Data under study section start

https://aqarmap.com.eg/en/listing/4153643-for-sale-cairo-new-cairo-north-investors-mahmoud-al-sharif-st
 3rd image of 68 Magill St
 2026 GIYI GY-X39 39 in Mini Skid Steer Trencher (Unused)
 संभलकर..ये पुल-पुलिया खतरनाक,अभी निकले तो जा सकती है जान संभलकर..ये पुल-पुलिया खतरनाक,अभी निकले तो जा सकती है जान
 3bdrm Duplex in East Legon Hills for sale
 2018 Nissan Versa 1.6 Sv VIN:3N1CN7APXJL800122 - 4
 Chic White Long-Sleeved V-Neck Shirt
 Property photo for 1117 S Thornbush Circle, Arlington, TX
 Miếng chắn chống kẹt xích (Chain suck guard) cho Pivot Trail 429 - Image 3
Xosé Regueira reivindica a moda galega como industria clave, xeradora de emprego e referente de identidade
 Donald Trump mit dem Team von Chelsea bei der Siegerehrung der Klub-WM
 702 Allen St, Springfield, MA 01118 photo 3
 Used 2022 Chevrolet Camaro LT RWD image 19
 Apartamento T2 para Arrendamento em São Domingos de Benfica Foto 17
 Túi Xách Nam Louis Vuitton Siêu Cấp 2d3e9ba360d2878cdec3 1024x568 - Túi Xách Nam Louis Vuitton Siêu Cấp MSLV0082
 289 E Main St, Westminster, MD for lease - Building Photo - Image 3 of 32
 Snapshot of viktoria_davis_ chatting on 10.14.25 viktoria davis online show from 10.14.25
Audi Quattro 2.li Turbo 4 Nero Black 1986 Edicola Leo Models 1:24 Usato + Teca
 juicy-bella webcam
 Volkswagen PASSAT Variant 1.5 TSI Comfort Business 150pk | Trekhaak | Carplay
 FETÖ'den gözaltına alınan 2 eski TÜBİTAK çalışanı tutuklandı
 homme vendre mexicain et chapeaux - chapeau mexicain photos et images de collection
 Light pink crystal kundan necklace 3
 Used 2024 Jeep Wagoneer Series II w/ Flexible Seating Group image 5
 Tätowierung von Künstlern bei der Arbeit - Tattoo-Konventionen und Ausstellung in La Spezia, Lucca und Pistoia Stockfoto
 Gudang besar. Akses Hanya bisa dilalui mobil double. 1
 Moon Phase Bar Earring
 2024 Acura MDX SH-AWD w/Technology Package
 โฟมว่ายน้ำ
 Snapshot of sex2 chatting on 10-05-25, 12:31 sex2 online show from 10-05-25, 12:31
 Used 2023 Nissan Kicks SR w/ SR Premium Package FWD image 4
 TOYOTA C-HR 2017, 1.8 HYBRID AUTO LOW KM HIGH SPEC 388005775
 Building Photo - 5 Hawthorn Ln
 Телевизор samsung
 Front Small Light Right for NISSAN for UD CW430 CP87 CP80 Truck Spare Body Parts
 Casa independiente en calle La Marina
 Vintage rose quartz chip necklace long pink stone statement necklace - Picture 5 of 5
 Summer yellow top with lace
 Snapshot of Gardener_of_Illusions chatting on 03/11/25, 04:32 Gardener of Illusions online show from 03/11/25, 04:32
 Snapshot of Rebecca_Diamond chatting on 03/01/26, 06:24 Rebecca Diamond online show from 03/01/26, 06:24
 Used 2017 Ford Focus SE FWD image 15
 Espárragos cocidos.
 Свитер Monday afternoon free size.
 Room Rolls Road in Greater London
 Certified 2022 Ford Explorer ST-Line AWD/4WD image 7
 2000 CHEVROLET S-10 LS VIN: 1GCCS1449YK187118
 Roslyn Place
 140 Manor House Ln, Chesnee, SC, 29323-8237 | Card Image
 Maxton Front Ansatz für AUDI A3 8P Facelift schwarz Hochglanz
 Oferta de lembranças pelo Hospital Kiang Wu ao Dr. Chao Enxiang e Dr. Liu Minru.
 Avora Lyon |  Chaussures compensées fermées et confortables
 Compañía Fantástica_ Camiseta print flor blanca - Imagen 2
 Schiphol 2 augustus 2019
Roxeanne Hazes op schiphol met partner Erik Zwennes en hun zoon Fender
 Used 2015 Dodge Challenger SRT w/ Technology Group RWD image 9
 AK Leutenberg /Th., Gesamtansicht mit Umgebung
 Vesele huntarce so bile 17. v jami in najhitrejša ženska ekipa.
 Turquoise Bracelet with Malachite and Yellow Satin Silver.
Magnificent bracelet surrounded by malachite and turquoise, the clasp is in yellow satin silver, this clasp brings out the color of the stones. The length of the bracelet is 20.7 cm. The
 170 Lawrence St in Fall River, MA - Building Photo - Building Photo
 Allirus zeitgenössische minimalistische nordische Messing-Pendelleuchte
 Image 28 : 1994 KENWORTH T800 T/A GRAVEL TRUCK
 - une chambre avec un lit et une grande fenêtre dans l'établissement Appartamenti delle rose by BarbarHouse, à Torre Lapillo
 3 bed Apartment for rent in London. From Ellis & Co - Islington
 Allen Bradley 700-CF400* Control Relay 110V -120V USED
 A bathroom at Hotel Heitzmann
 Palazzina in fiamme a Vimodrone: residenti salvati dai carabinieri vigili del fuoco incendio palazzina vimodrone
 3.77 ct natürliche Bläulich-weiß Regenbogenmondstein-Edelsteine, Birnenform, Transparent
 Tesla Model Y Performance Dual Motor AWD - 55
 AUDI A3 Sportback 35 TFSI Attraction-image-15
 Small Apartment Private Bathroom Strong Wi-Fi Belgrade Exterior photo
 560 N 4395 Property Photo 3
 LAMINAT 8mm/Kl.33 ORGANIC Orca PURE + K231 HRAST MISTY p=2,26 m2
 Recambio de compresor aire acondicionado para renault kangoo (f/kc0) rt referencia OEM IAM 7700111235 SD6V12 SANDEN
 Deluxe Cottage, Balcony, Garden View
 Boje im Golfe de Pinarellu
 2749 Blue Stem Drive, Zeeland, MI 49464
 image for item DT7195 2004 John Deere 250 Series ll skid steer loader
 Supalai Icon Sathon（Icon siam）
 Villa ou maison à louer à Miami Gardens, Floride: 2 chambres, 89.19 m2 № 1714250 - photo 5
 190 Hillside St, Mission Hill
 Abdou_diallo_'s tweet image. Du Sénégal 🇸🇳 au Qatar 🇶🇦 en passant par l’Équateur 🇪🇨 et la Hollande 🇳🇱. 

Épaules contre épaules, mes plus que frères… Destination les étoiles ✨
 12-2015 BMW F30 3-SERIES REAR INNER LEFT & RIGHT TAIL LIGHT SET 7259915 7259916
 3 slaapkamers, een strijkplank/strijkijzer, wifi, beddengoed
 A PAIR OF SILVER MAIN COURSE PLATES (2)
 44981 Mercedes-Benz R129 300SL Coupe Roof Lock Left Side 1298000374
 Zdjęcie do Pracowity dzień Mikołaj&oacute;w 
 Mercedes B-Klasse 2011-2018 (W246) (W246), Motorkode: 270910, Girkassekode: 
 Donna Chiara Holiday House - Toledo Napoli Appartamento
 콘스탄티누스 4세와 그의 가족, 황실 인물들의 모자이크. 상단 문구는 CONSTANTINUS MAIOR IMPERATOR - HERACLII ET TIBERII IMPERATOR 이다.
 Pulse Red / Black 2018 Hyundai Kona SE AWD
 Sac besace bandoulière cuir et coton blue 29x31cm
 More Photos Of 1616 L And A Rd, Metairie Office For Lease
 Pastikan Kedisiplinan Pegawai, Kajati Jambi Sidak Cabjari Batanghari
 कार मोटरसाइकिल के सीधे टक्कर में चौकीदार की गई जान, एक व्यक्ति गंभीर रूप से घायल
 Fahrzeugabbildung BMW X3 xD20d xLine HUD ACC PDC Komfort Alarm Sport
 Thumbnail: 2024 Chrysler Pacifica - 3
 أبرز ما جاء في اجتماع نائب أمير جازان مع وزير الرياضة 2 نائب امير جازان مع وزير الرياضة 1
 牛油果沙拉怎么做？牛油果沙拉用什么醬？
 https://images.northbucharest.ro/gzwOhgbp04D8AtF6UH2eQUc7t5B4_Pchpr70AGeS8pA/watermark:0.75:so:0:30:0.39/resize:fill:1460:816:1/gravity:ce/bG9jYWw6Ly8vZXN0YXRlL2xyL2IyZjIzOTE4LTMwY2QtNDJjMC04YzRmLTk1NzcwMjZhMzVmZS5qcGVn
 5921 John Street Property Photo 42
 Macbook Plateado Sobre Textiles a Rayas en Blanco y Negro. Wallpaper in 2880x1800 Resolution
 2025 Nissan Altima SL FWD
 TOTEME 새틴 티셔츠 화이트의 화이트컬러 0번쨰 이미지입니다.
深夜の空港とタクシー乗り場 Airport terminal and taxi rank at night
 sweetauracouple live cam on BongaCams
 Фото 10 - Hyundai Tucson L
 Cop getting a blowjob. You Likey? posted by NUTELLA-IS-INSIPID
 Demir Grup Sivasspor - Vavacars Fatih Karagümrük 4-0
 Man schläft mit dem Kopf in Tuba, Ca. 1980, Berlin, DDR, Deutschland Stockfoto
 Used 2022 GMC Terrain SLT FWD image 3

Data under study section end

What is being asked: All lines in the data above from the one with "Mercedes B-Klasse 2011-2018" through the one with "More Photos Of" must be repeated exactly, and no others.

Exercise solution:
 Mercedes B-Klasse 2011-2018 (W246) (W246), Motorkode: 270910, Girkassekode: 
 Donna Chiara Holiday House - Toledo Napoli Appartamento
 콘스탄티누스 4세와 그의 가족, 황실 인물들의 모자이크. 상단 문구는 CONSTANTINUS MAIOR IMPERATOR - HERACLII ET TIBERII IMPERATOR 이다.
 Pulse Red / Black 2018 Hyundai Kona SE AWD
 Sac besace bandoulière cuir et coton blue 29x31cm
 More Photos Of 1616 L And A Rd, Metairie Office For Lease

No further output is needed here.